What needs to be done
Only some lines are wanted: please transcribe exactly those from the one containing "Clip: Trên tay iPad Pro 2018 vừa trình làng" through the end of the data, pictures excluded.

Captioned web images

=-=-=

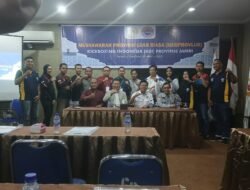 Musprovlub Kick Boxing Indonesia Jambi Digelar, Harapan Baru untuk Prestasi Nasional dan Internasional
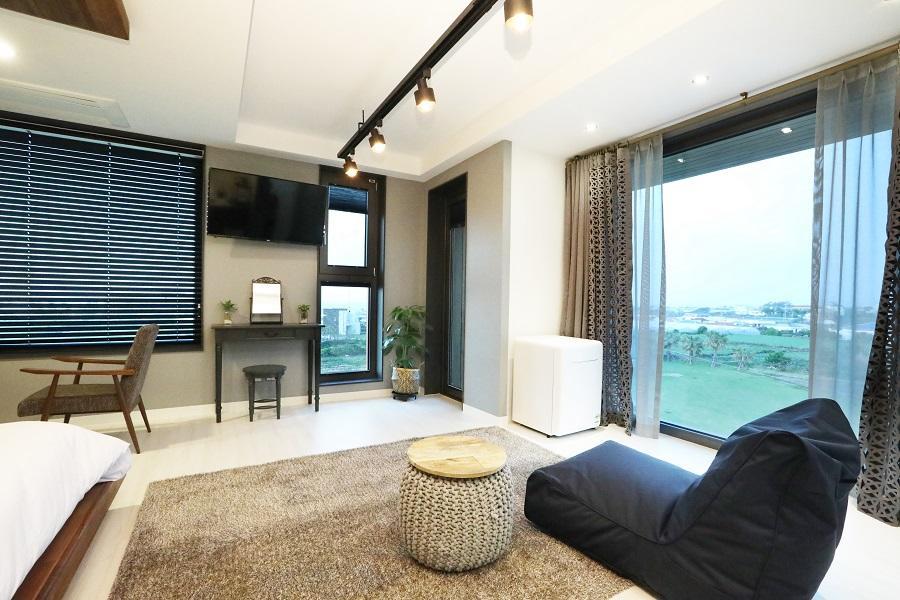 The Luce&House Vila Jeju Exterior foto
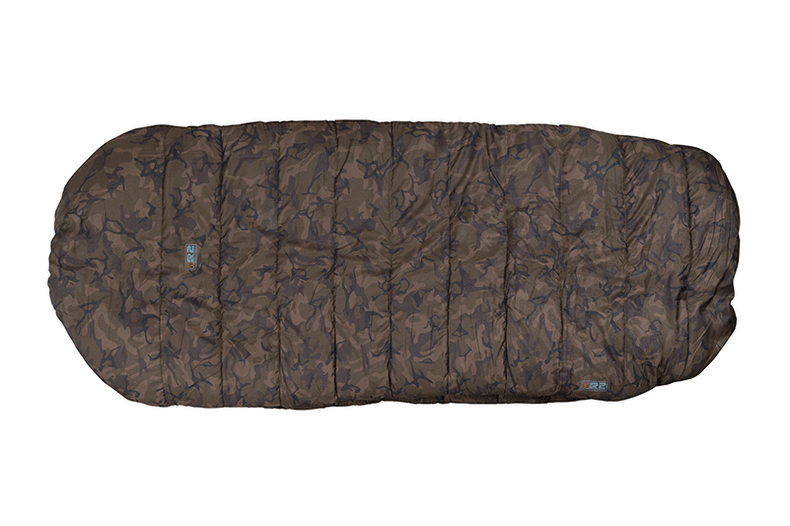 Спальный мешок FOX R-Series Camo Sleeping Bag — фото 6 — CARPshop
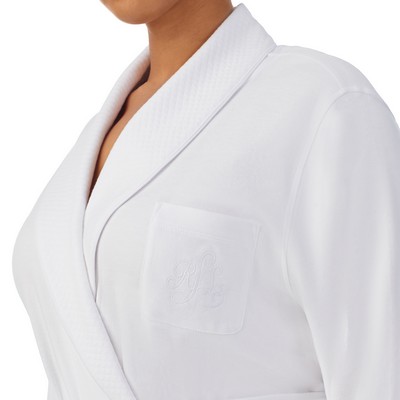 I814193-CORE-QULITED-COLLAR-ROBE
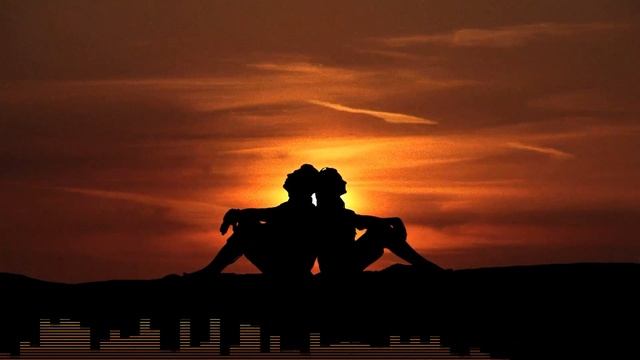 "Темно..." - рок про любовь... смотреть онлайн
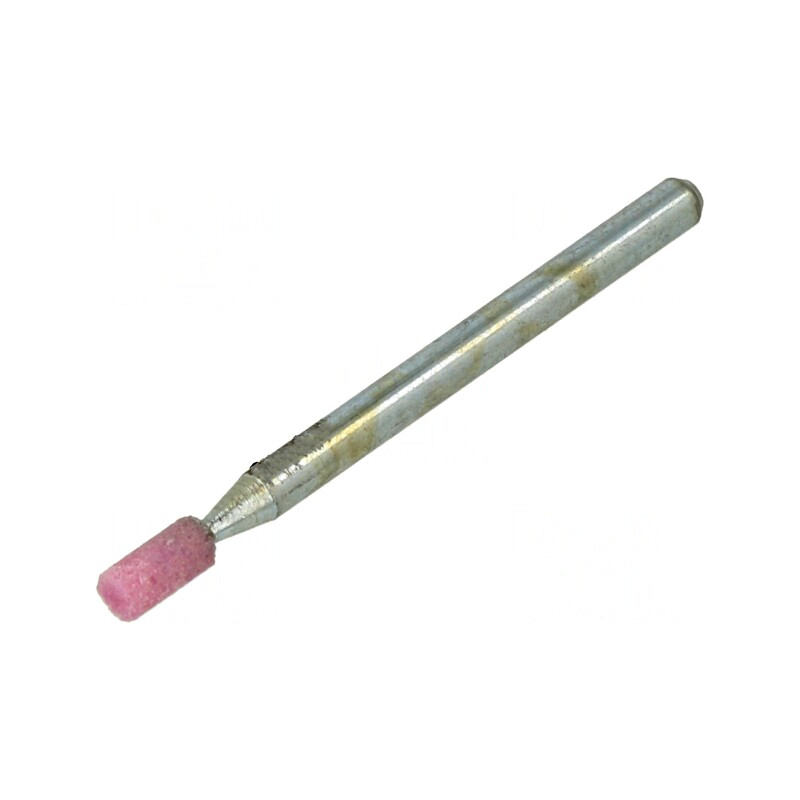 Piatră de șlefuit 3mm pentru metal și ceramică cu tijă 3mm | Electronic-mag.ro | Componente Electronice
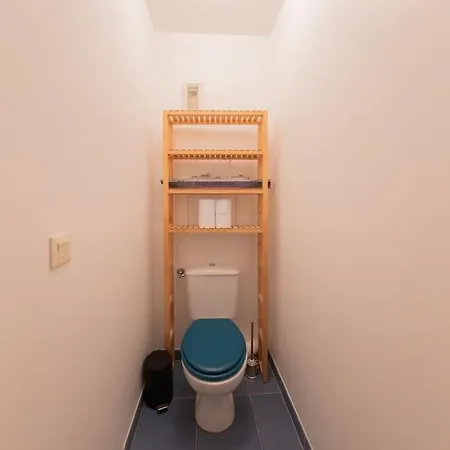 Apartman Secured And Ideal For The Olympics Saint-Denis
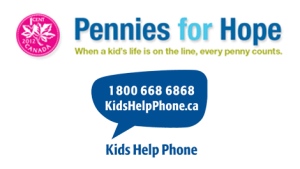 Pennies for Hope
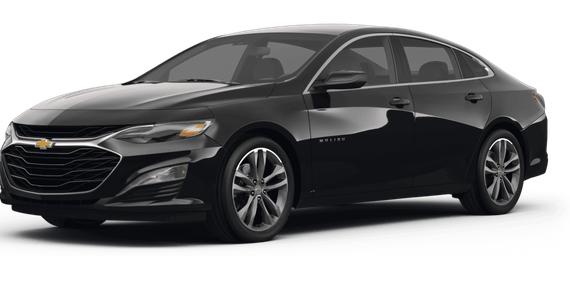 CHEVROLET MALIBU 2024 1G1ZD5ST6RF163903 image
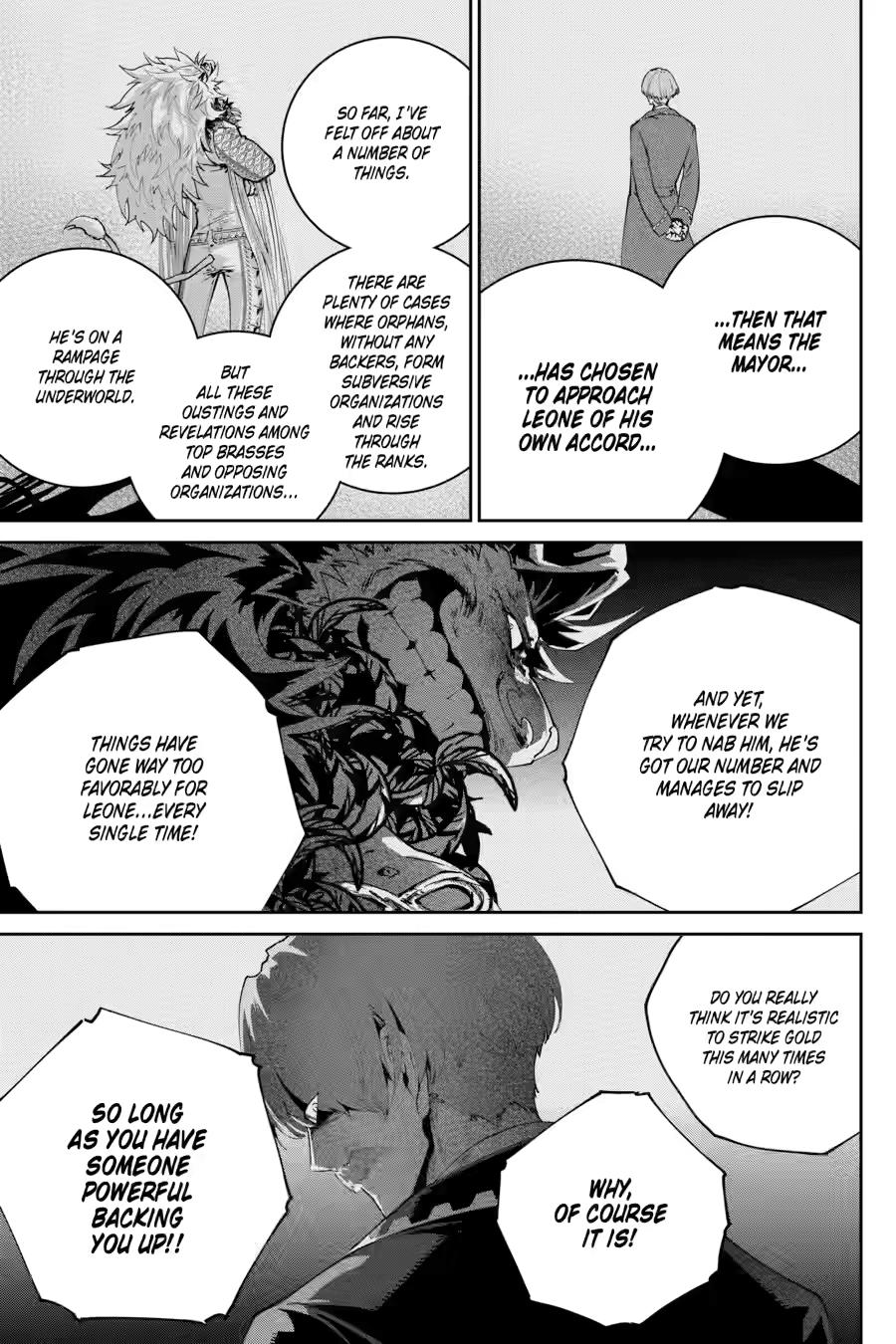 Final Fantasy: Lost Stranger Chap 58 - Next Chap 59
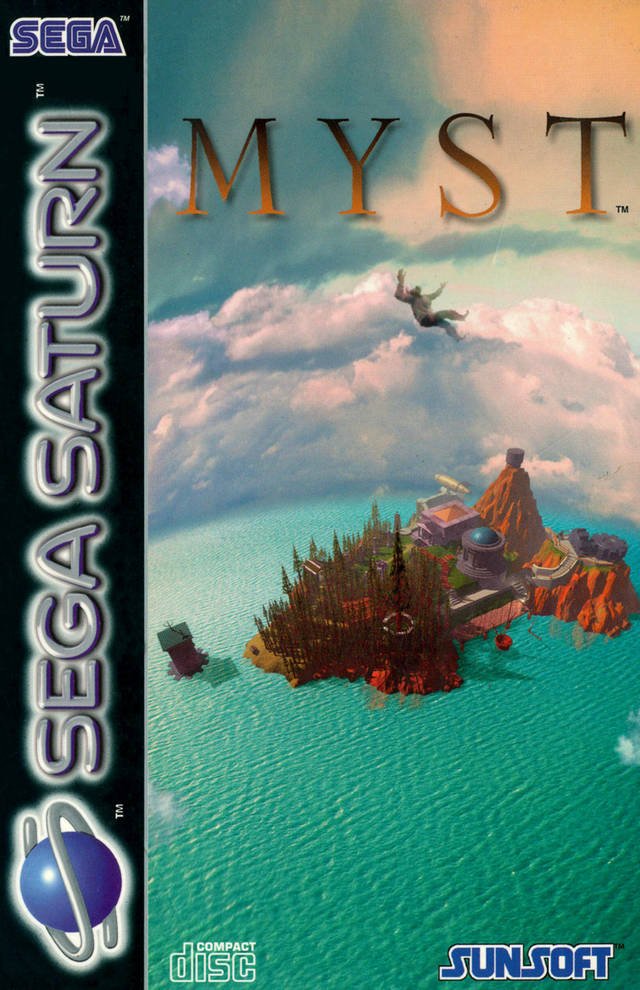 Myst - Gamesellers.nl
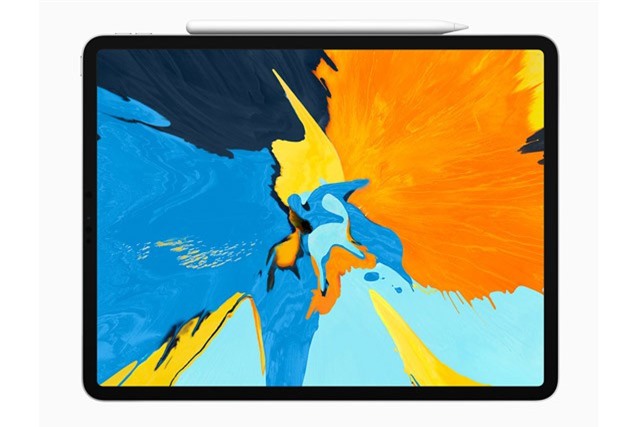 Clip: Trên tay iPad Pro 2018 vừa trình làng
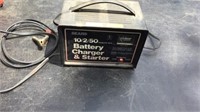 Sears Battery Charger /Starter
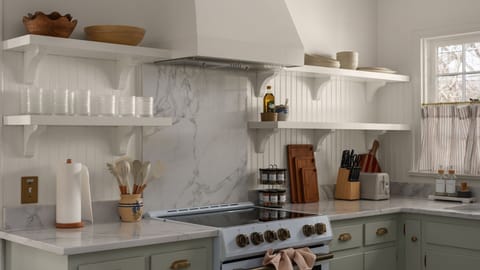 The perfect kitchen! 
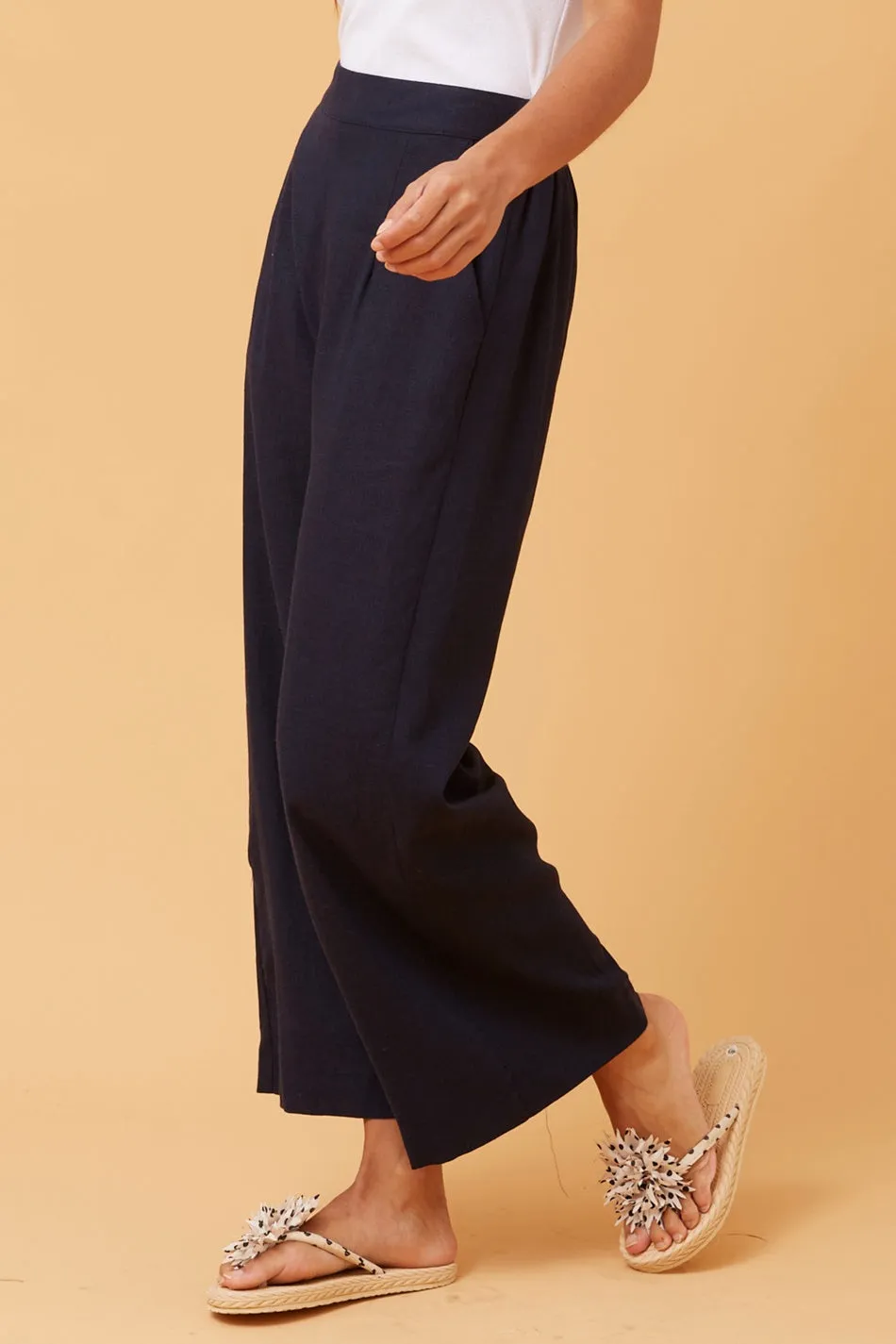 CORBIN WIDE LEG PANTS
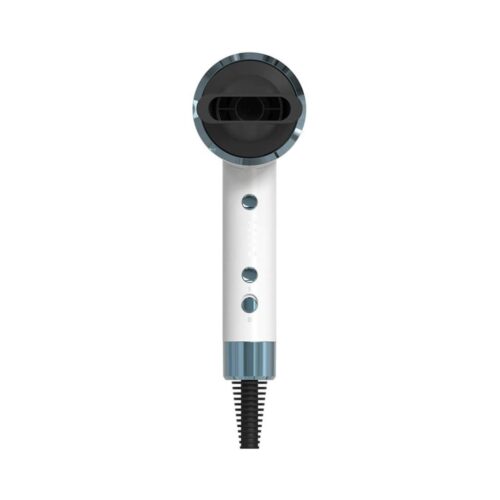 OSOM Professional plaukų džiovintuvas White Hair Dryer OSOM6800WHHD, baltos spalvos, 1800W (3)-min OSOM Professional plaukų džiovintuvas White Hair Dryer OSOM6800WHHD, baltos spalvos, 1800W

=-=-=

Result for this exercise
 Clip: Trên tay iPad Pro 2018 vừa trình làng
 Sears Battery Charger /Starter
 The perfect kitchen! 
 CORBIN WIDE LEG PANTS
 OSOM Professional plaukų džiovintuvas White Hair Dryer OSOM6800WHHD, baltos spalvos, 1800W (3)-min OSOM Professional plaukų džiovintuvas White Hair Dryer OSOM6800WHHD, baltos spalvos, 1800W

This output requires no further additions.